**Task description:**
The answer is to be an exact copy of the lines below running from the line with "Boho Neon Tribal Floral Pillow" down to the line with "(Clockwise) Severna Park", both ends included, and nothing more.

◆ ◆ ◆ ◆ ◆

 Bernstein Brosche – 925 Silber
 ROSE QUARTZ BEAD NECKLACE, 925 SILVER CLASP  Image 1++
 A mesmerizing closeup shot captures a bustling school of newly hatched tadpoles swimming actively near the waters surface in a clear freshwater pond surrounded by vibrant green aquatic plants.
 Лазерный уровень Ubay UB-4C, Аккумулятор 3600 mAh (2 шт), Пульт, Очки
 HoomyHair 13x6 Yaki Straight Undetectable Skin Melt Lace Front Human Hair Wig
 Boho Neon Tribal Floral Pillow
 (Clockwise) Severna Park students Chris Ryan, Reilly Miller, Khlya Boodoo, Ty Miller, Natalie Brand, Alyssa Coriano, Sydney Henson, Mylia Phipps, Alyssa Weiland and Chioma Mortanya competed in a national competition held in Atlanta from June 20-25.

◆ ◆ ◆ ◆ ◆

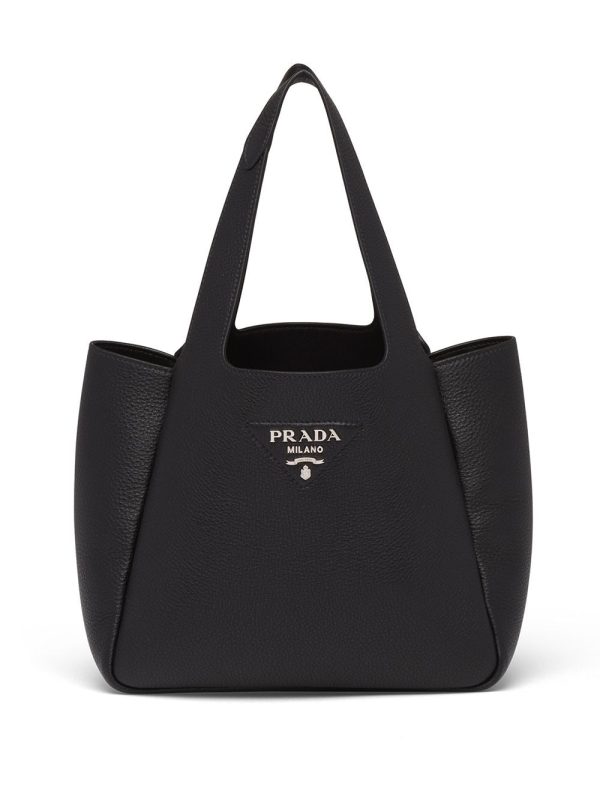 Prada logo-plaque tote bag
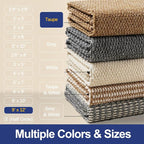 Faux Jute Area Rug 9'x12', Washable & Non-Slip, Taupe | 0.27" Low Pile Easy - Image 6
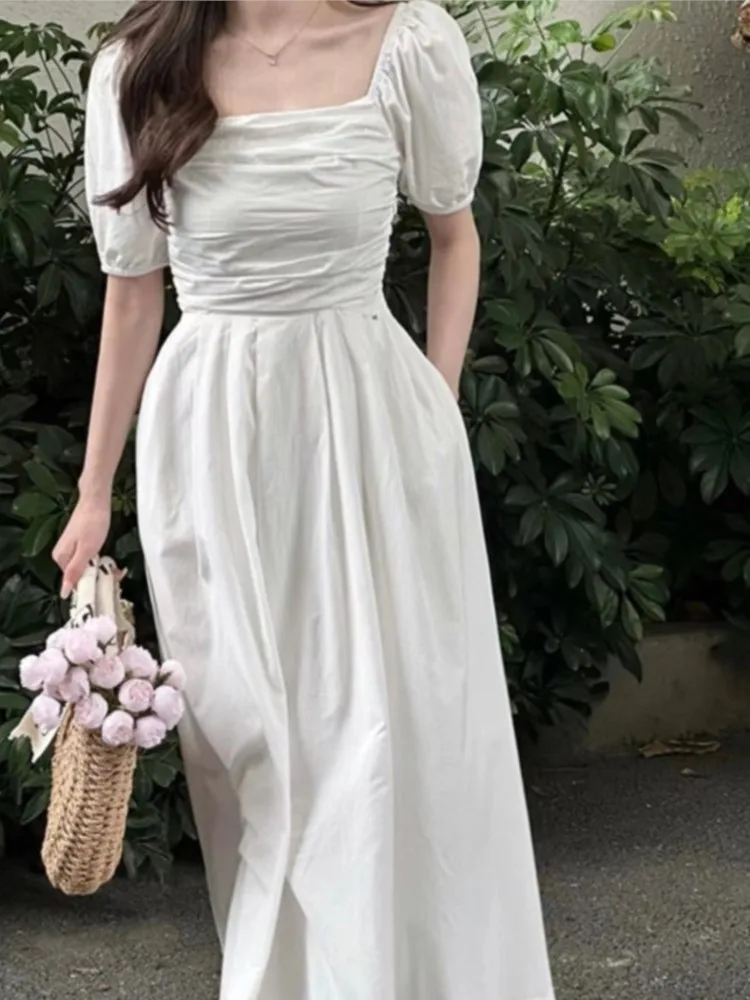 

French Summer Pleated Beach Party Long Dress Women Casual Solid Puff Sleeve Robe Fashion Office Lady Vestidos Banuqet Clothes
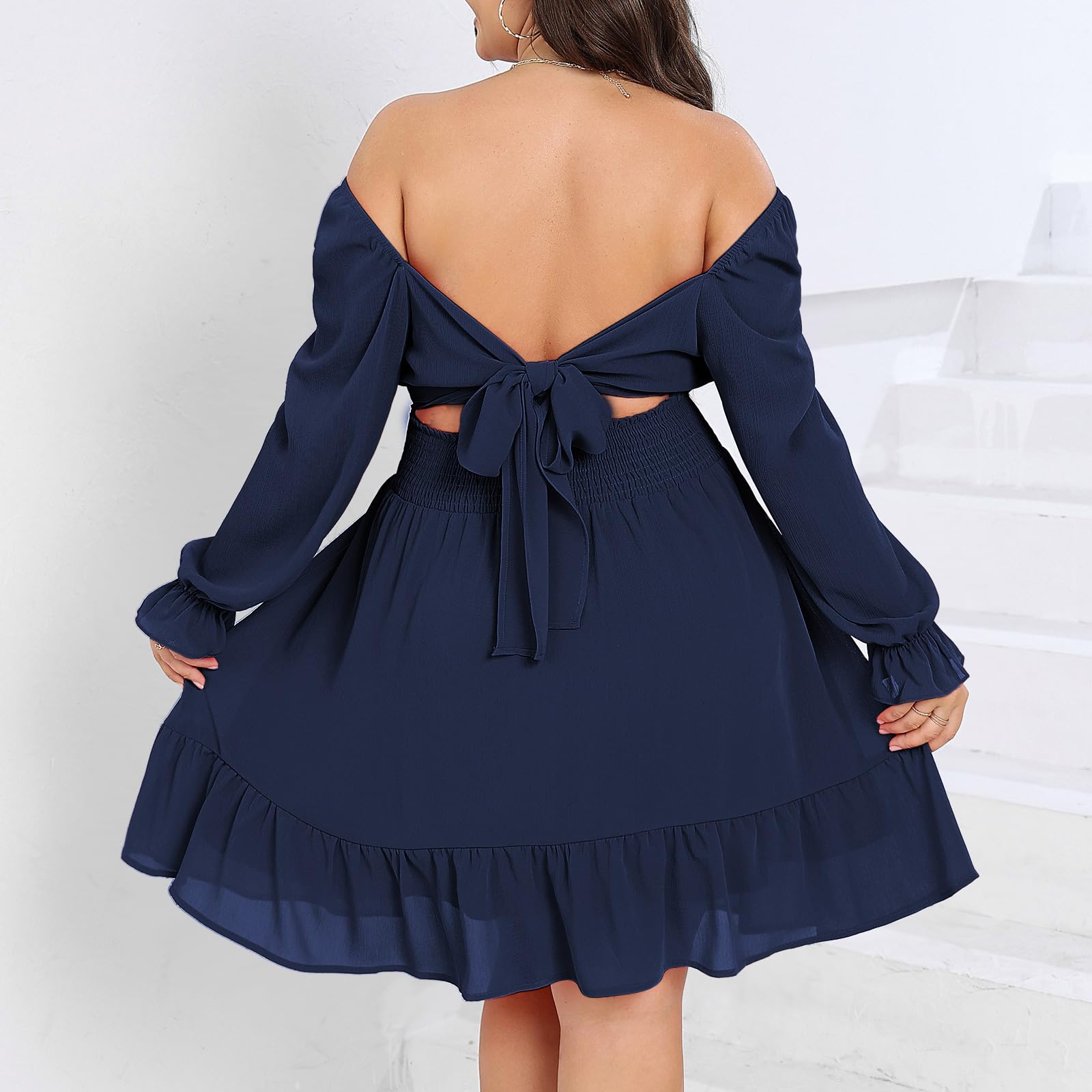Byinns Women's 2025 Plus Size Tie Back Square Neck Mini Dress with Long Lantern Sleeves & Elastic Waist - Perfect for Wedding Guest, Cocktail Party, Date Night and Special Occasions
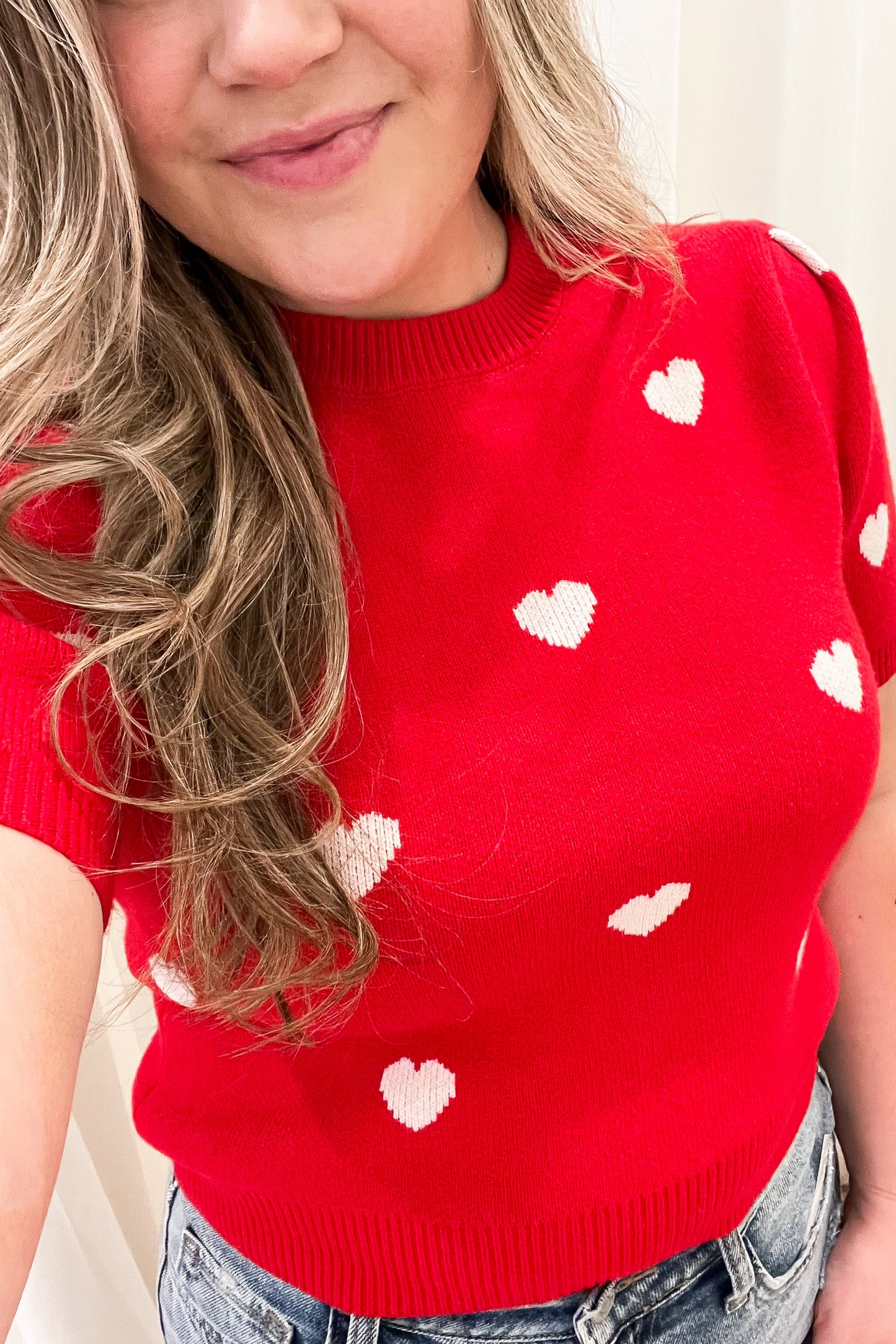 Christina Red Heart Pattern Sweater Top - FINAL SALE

◆ ◆ ◆ ◆ ◆

**Answer section:**
 Boho Neon Tribal Floral Pillow
 (Clockwise) Severna Park students Chris Ryan, Reilly Miller, Khlya Boodoo, Ty Miller, Natalie Brand, Alyssa Coriano, Sydney Henson, Mylia Phipps, Alyssa Weiland and Chioma Mortanya competed in a national competition held in Atlanta from June 20-25.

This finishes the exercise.